Volleyball information
- Position: Outside hitter
- Current club: Numia Vero Volley Milano

Career
| Years | Teams |
| 2025 | Omaha Supernovas |
| 2025–2026 | Casalmaggiore |
| 2026– | Numia Vero Volley Milano |

National team
| 2022– | Puerto Rico |

= Valeria Vázquez Gomez =

Puerto Rican volleyball player

Valeria Vázquez Gomez (born January 28, 2001) is a Puerto Rican professional volleyball player who plays as an outside hitter for Numia Vero Volley Milano in the Italian Serie A1. She played college volleyball for the Pittsburgh Panthers before beginning her professional career with the Omaha Supernovas in the Pro Volleyball Federation, then moving to Italy, first with Volleyball Casalmaggiore and now with Milano.

== Early life ==
Vázquez Gomez was born in Manatí, Puerto Rico, the daughter of Ramón Vázquez Meléndez, a former professional basketball player. She has four siblings.

== Collegiate career ==
Vázquez Gomez played six seasons for the Pittsburgh Panthers from 2019 to 2024, wearing jersey number 2 as an outside hitter. Over her college career she helped lead Pitt to four consecutive NCAA National Semifinal appearances from 2021 to 2024. She earned AVCA Second Team All-American honors in 2022 and was a three-time All-ACC selection, being named to the All-ACC First Team in 2022 and the All-ACC Second Team in 2023 and 2024. She finished her Pitt career with 1,311 points, 1,097 kills, 1,031 digs, 154 blocks, and 131 aces.

== Professional career ==
Vázquez Gomez was selected by the Omaha Supernovas in the fourth round (30th overall) of the 2024 Pro Volleyball Federation Draft and signed her first professional contract with the club on December 27, 2024. She played the 2025 PVF season with Omaha before signing with Italian club Volleyball Casalmaggiore of Serie A2 for the 2025–26 season, finishing as the team's second-leading scorer with 258 points.
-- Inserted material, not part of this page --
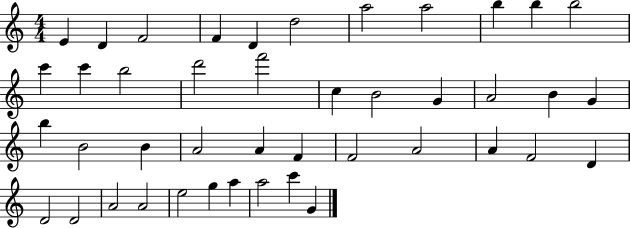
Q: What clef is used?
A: treble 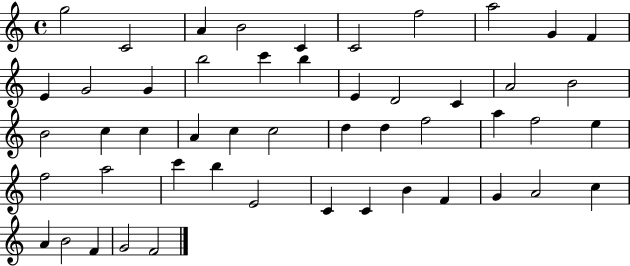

In July 2026, she signed with Numia Vero Volley Milano for the 2026–27 season, moving up to Serie A1 for the first time in her career and gaining eligibility for the CEV Champions League.

== International career ==
Vázquez Gomez was part of the Puerto Rico roster at the 2025 FIVB Volleyball Women's World Championship.